◆ Requirement ◆
Only the pictures are dropped; the lines of the material that follow are returned exactly.

◆ Dataset excerpt ◆
┌────────
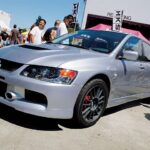 Family-Friendly Used Cars Offering Practical Space For Everyday Passenger Comfort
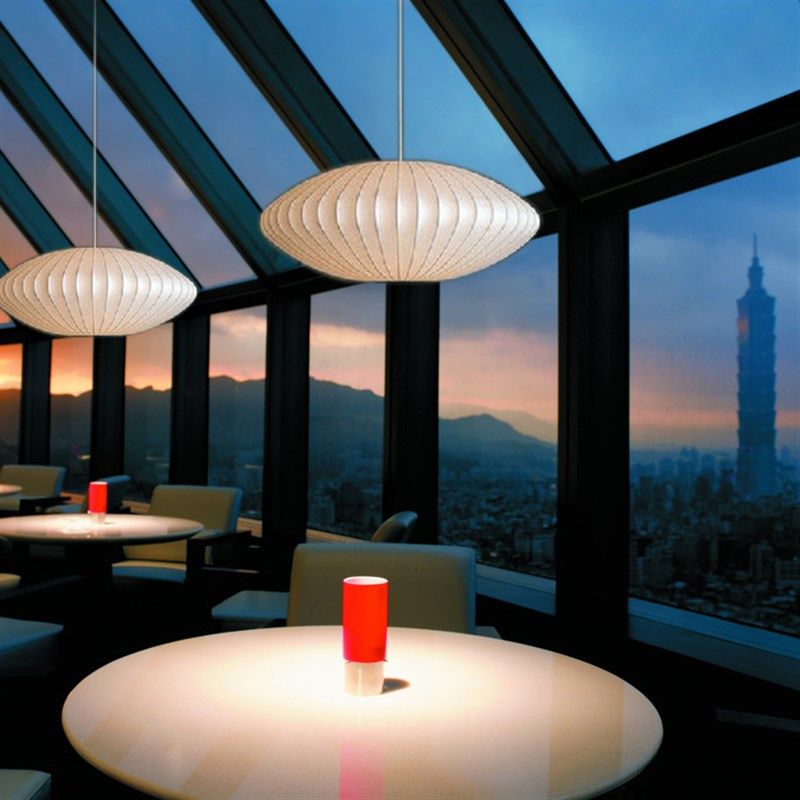 现代布艺吊灯灯笼灯客厅灯卧室灯会所酒店工程定制灯,家装灯饰光源,餐厅吊灯,淘宝优惠券,粉丝福利购,淘宝优惠卷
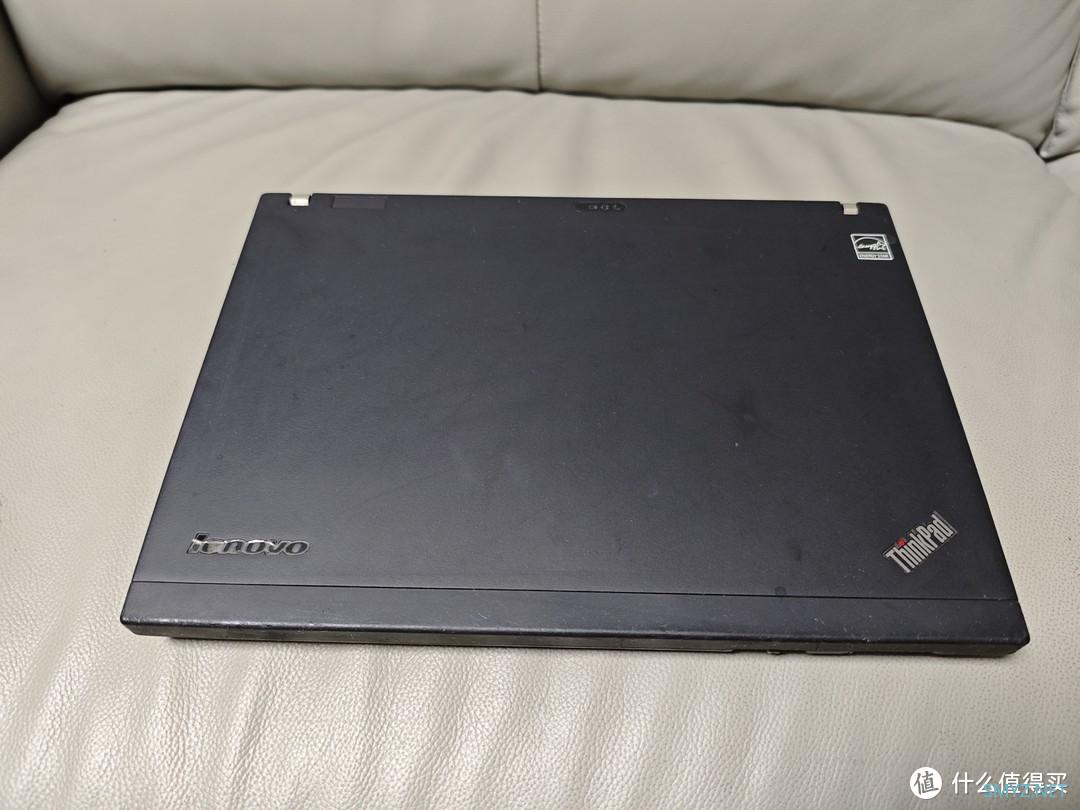 广西独有4天“三月三”假期——撩起15年前的回忆ThinkPad X200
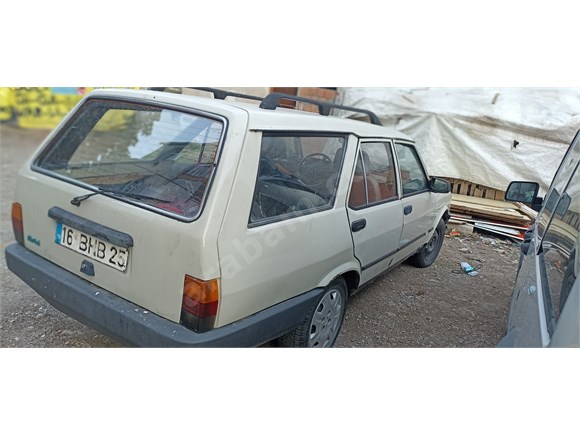 sahibinden tofas kartal 5 vites 1990 model bursa 250 000 km 18918928 arabam com sahibinden tofas kartal 5 vites 1990 model bursa 250 000 km 18918928 arabam com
└────────
◆ Exercise response ◆
 Family-Friendly Used Cars Offering Practical Space For Everyday Passenger Comfort
 现代布艺吊灯灯笼灯客厅灯卧室灯会所酒店工程定制灯,家装灯饰光源,餐厅吊灯,淘宝优惠券,粉丝福利购,淘宝优惠卷
 广西独有4天“三月三”假期——撩起15年前的回忆ThinkPad X200
 sahibinden tofas kartal 5 vites 1990 model bursa 250 000 km 18918928 arabam com sahibinden tofas kartal 5 vites 1990 model bursa 250 000 km 18918928 arabam com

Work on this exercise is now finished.